I'm looking to split a USB-C (female) into two USB-A (female as well), strictly for charging.

Would it by any chance be possible for me to solder the four voltage connector pins from the USB-c to the voltage pins on the USB-a, and then do the same for ground?

I'm looking at something like below:

enter image description here

That would be glued tight into a 3d printed enclosure

  • \$\begingroup\$ A small PCB would be the best solution. USB C connector's PCB pins are fragile. \$\endgroup\$
    – Lior Bilia
    Jan 19 '20 at 18:41
  • \$\begingroup\$ @LiorBilia I've added some more information to the post, however could you maybe suggest one? :) \$\endgroup\$
    – Jazerix
    Jan 19 '20 at 18:47
  • \$\begingroup\$ I hope you don't intend to charge your phone and your laptop at the same time. \$\endgroup\$
    – Jasen
    Jan 19 '20 at 20:13
  • 1
    \$\begingroup\$ @Jasen, I'm not looking for power delivery. I got these bike lights that each charge via USB-A, which is a bit inconvenient since you typically have to charge them at the same time. I wanted to create an enclosure, where I could charge them both preferably with USB-c \$\endgroup\$
    – Jazerix
    Jan 19 '20 at 20:20
  • 1
    \$\begingroup\$ @Jazerix This is actually a tricky design, you may want to dive into how USB charging works. To start with, only one side of the USB Type-C 2.0 lines host charger will be effectively connected to one of the Type-A and only the device on that A port will know the charger specs. When you'll connect the second device on the second port, it will may or may not start to draw current. If it does, the combination of the 2 devices may exceed what the charger can deliver because the second device has no idea what the current limit of the charger is and how much current the first device is sinking. \$\endgroup\$
    – eeintech
    Jan 22 '20 at 22:31

What's the goal here? If you need to charge a couple USB-A devices then there's far easier ways to do this for not a lot of money. There's lots of dual port USB-A chargers out there, I found one without much trouble. https://shop.aukey.com/products/12w-dual-port-usb-wall-charger

If you have to start with USB-C for power there's inexpensive options there too. https://www.amazon.com/Pengo-Adapter-Transfer-Plug-N-Play-Silver/dp/B07BFQMCVK/

If the power draw from the two ports is less than 5 watts each then it shouldn't be too hard to dig into the USB spec to make each port play like it's an old school (pre-USB-PD) power brick, and have the USB-C side go into a similar "dumb" mode to look like a 10 or 12 watt device to a USB-C power brick.

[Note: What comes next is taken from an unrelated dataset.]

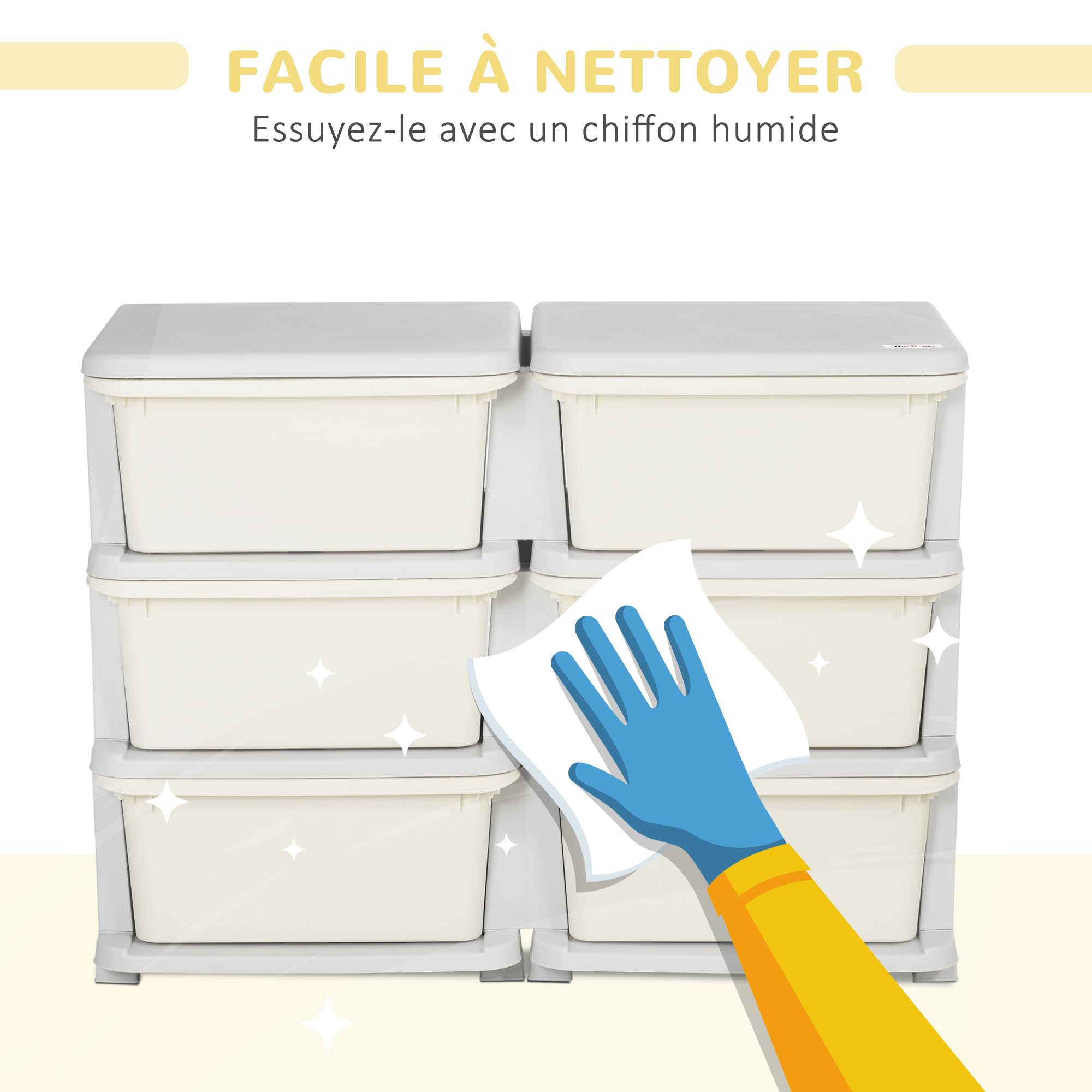 HOMCOM Tour de Rangement en Plastique pour Enfants à 3 Niveaux avec 6 tiroirs, boîtes de Rangement, tiroirs Rangement Jouet pour Chambre d'enfant, crèche, Salon, pour garçons et Filles 3-6 Ans, crème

With the old USB power bricks they would report their power output capability by having a specified resistance across the data pins, at least as I recall. USB-C ports on devices support this for backward compatibility. Depending on how much power this is supposed to handle, and how concerned you are on making this safe from overloading something, this could be trivial to more trouble than it's worth.